- _DATASET EXCERPT_
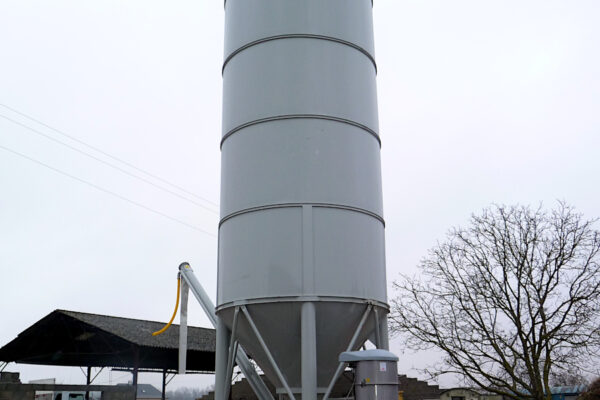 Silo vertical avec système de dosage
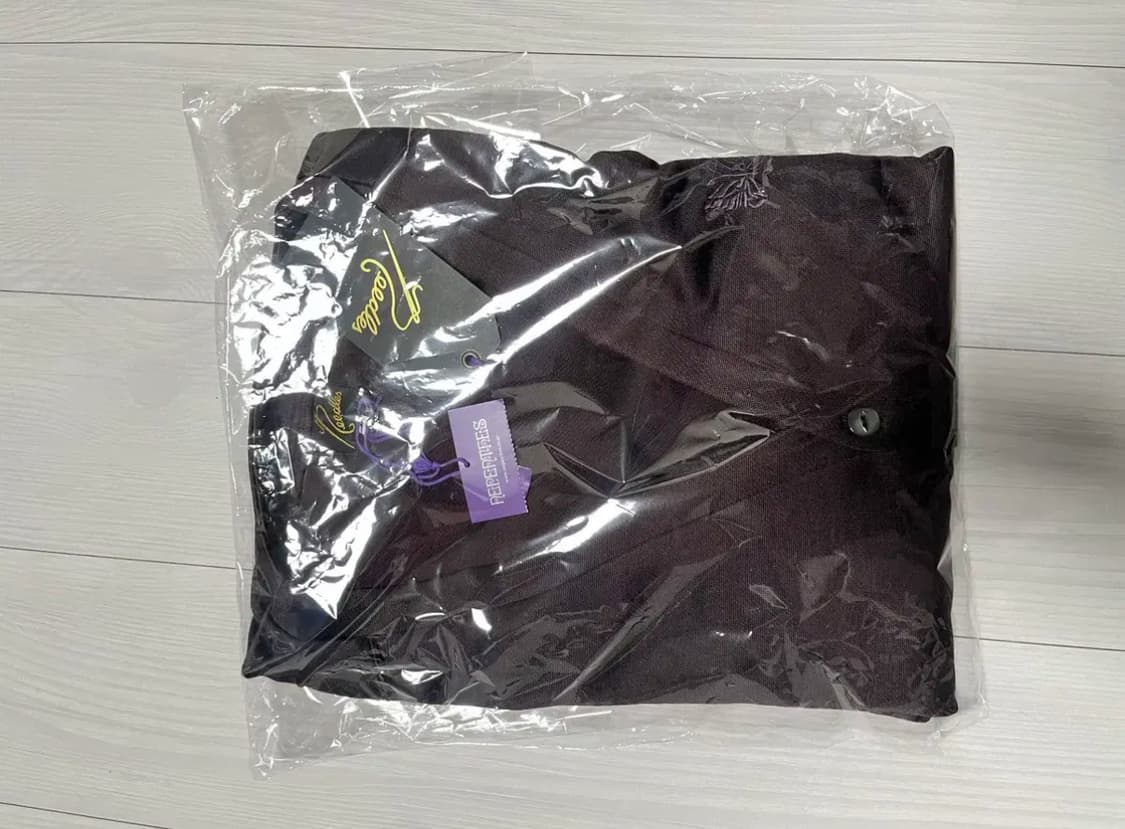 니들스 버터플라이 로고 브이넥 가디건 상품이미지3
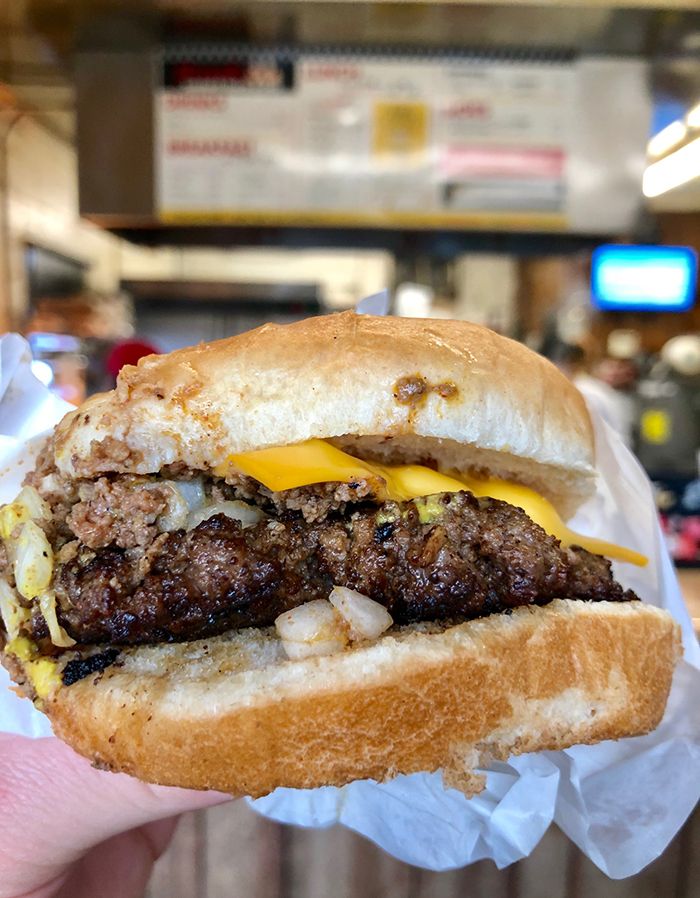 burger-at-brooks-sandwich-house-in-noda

- _EXERCISE GOAL_
Reproduce the data above word for word and omit the images.

- _WRITTEN REPLY_
 Silo vertical avec système de dosage
 니들스 버터플라이 로고 브이넥 가디건 상품이미지3
 burger-at-brooks-sandwich-house-in-noda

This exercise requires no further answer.